The task: Give the lines again exactly as they appear below, from the line with "room background 89913386" to the line with "several pieces of", both included, and only those lines. Leave every picture out.

Material to process:
________________________________________

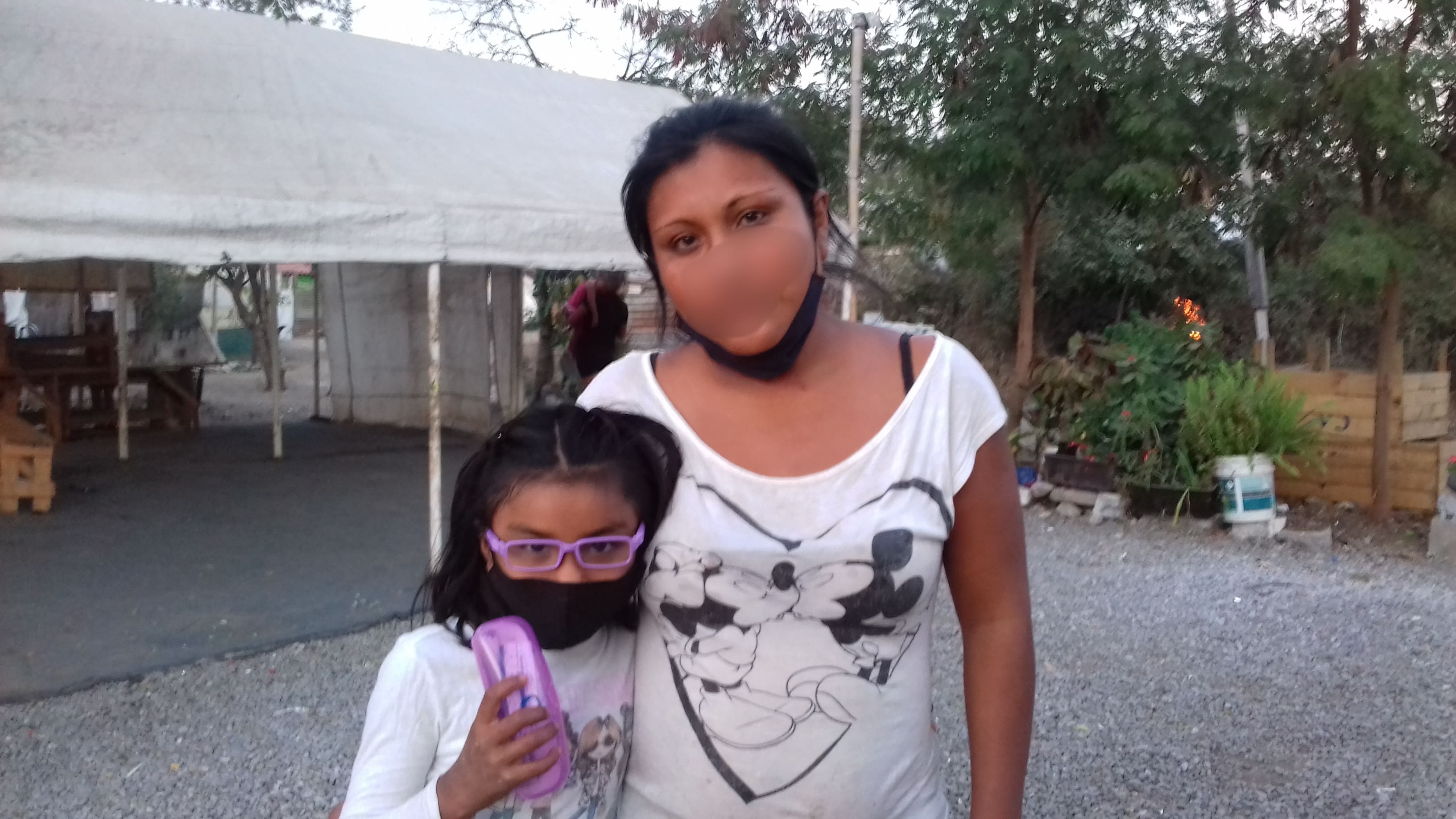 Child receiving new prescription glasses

________________________________________

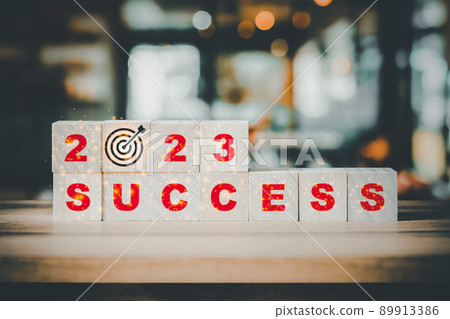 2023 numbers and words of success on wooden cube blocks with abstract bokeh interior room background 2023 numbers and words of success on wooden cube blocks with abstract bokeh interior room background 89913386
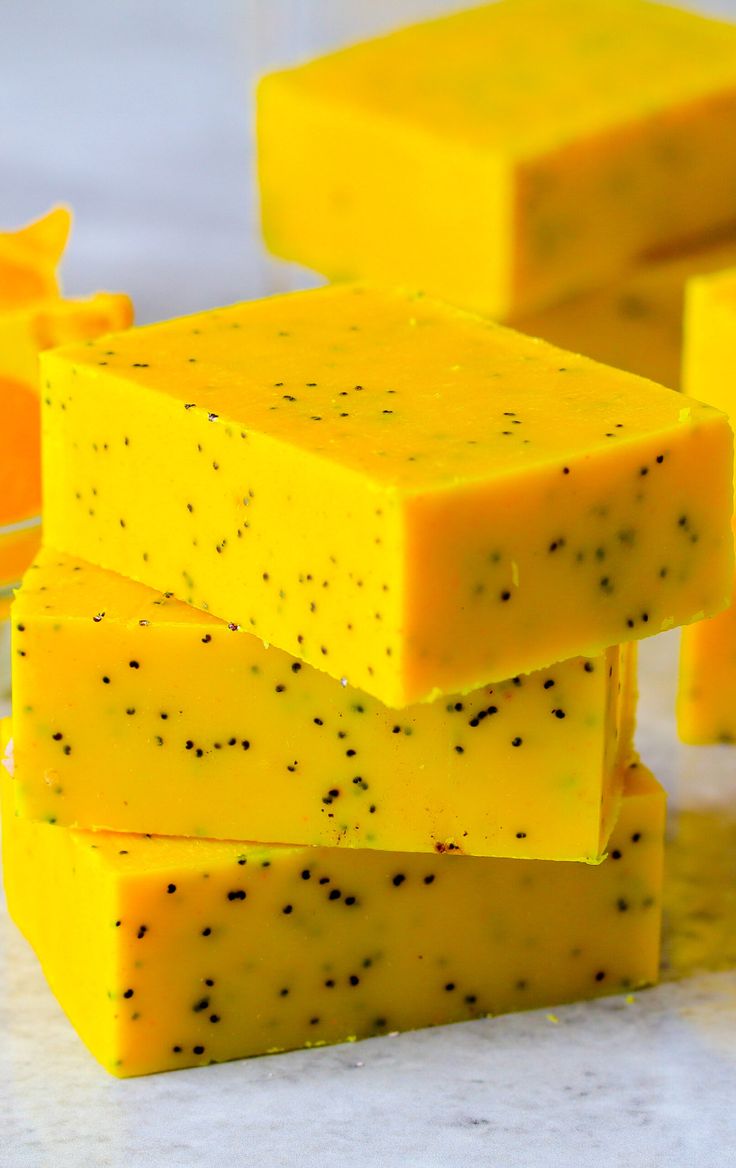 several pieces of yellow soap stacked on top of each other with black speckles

________________________________________

Solution to this problem:
 2023 numbers and words of success on wooden cube blocks with abstract bokeh interior room background 2023 numbers and words of success on wooden cube blocks with abstract bokeh interior room background 89913386
 several pieces of yellow soap stacked on top of each other with black speckles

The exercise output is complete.